**What the task asks**
Exactly as written, please repeat the data that follows, but not the pictures.

**Given information**
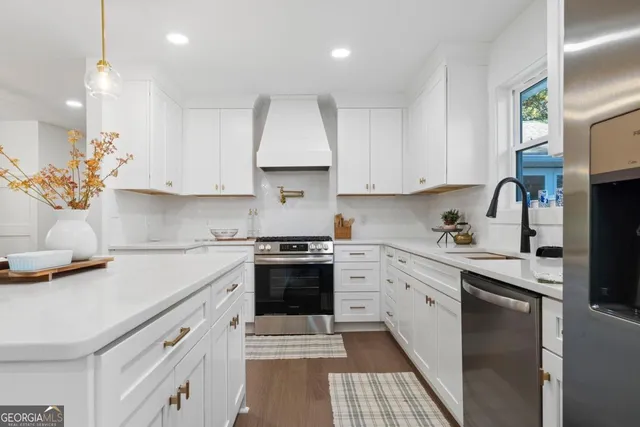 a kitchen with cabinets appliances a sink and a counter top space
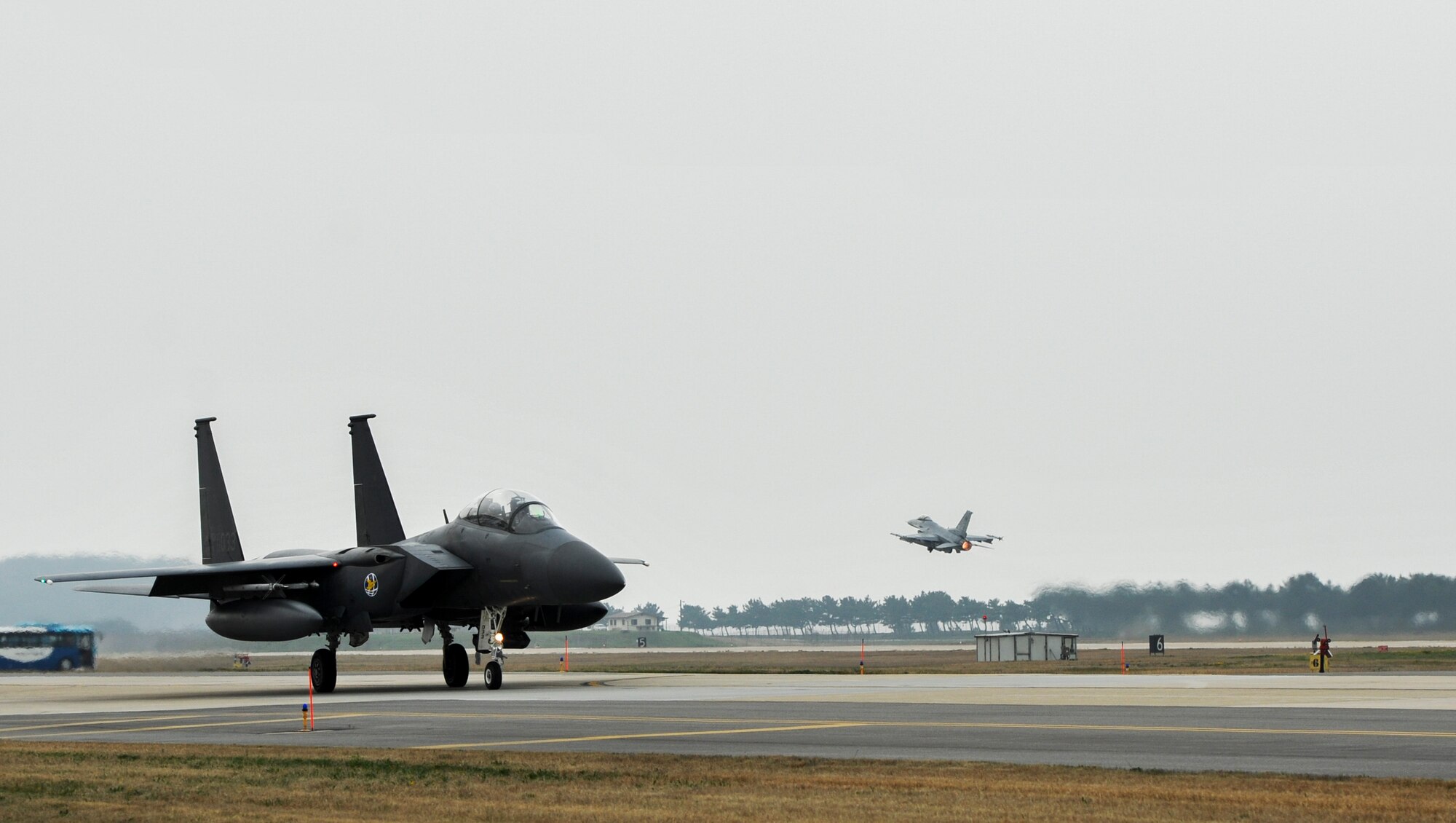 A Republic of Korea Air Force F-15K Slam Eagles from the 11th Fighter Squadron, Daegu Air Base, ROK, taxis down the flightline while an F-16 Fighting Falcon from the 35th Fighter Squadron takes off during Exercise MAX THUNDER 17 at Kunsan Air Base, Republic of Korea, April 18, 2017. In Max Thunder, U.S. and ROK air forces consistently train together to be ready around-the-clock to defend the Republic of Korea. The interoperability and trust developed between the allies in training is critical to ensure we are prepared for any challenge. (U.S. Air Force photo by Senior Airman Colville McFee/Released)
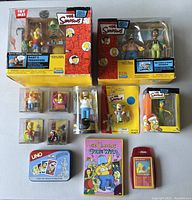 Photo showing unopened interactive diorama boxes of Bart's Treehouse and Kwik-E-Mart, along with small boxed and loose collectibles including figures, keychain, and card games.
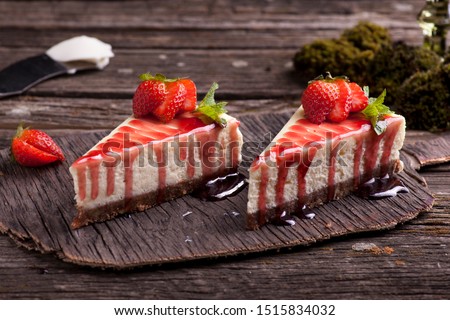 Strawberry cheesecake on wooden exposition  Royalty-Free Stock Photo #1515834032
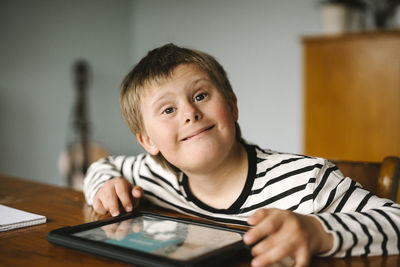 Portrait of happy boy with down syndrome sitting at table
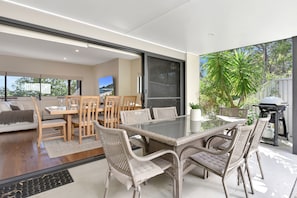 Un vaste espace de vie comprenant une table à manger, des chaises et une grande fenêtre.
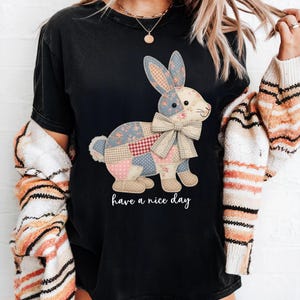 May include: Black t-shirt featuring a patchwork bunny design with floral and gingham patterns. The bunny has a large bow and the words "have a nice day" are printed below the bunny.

**Answer to this task**
 a kitchen with cabinets appliances a sink and a counter top space
 A Republic of Korea Air Force F-15K Slam Eagles from the 11th Fighter Squadron, Daegu Air Base, ROK, taxis down the flightline while an F-16 Fighting Falcon from the 35th Fighter Squadron takes off during Exercise MAX THUNDER 17 at Kunsan Air Base, Republic of Korea, April 18, 2017. In Max Thunder, U.S. and ROK air forces consistently train together to be ready around-the-clock to defend the Republic of Korea. The interoperability and trust developed between the allies in training is critical to ensure we are prepared for any challenge. (U.S. Air Force photo by Senior Airman Colville McFee/Released)
 Photo showing unopened interactive diorama boxes of Bart's Treehouse and Kwik-E-Mart, along with small boxed and loose collectibles including figures, keychain, and card games.
 Strawberry cheesecake on wooden exposition  Royalty-Free Stock Photo #1515834032
 Portrait of happy boy with down syndrome sitting at table
 Un vaste espace de vie comprenant une table à manger, des chaises et une grande fenêtre.
 May include: Black t-shirt featuring a patchwork bunny design with floral and gingham patterns. The bunny has a large bow and the words "have a nice day" are printed below the bunny.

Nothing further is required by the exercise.